[dns-operations] Implementation of negative trust anchors?

Warren Kumari warren at kumari.net
Fri Aug 23 16:47:11 UTC 2013


On Aug 23, 2013, at 12:19 PM, Paul Vixie <paul at redbarn.org> wrote:

> 
> 
> David Conrad wrote:
>> On Aug 22, 2013, at 3:25 PM, Paul Vixie <paul at redbarn.org>
>>  wrote:
>> 
>> 
>>> ... over and above the absurd engineering economics behind it, i don't like NTA. if my signatures don't work because i've been attacked (for example, one of my name servers has been compromised), the last thing i'd want is comcast telling their customers that the data they're getting from my compromised name server is ok to consume because it's unsigned.
>>> 
>> 
>> Exactly so.  However pragmatically speaking if someone (say NASA perhaps?) screws up signing their zone, it isn't the zone-signing-screwer-upper that gets the phone calls, it is the eyeball networks that are doing the validation.  Without NTA, the eyeball network operators have a choice, eat the cost of those calls or turn off validation _for ALL signed zones until the zone-signing-screwer-upper fixes their problem_.
>> 
>> I gather you believe eating the cost is the right answer.  ...
>> 
> indirectly, yes.
> 
> with RPZ, we made it possible for full service resolver operators (recursive name server operators) to edit zone content as a matter of local policy.

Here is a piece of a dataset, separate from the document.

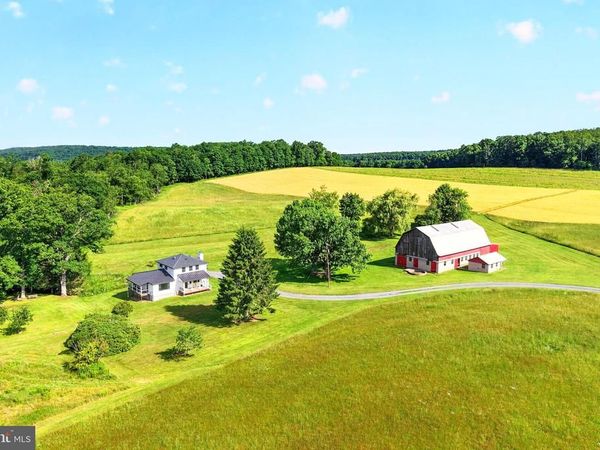 826 G SWAUGER ROAD, OAKLAND, MD 21550
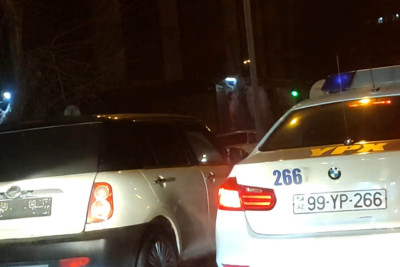 Qanunu pozan sürücü polis əməkdaşları tərəfindən saxlanılarkən özünü yandırmağa cəhd edib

NTA is not different in principle, but it's different in an important way: in RPZ, the content being edited is malicious and/or criminal. where my mind isn't bending well at the moment is where we edit in resolvers content belonging to people who aren't malicious. since we can't know the reason why their signatures are failing, telling our full service resolver and its downstream stubs that there are no signatures is overreach.
> 
> if nasa.gov had screwed up its delegation or had allowed its public secondary servers to expire the zone due to primary unreachability, i do not think the phone at comcast would have rung less, but i also don't think that comcast would have fixed nasa's error in local policy.

Sure, true.

The untenable position for Comcast is having it not work for them, while still working for everyone else. In the scenario you described it would break for everyone, and you avoid the "but it works at Verizon, I'm moving to them" issue.


> we're only talking about this because DNSSEC is new.
> 

Yup. And those trying to do the right thing (enabling validation for clients) should get the carrot, not the stick.
Explaining to bean counters that you are going to enable something that might drive customers to $competitor is hard, especially if a: the customers are not asking for it, b: your competitors don't offer it and c: handwaving is needed to explain the benefits. 

Much respect to Jason and the rest of the Comcast folk to being one of the first major NA ISPs to turn it on.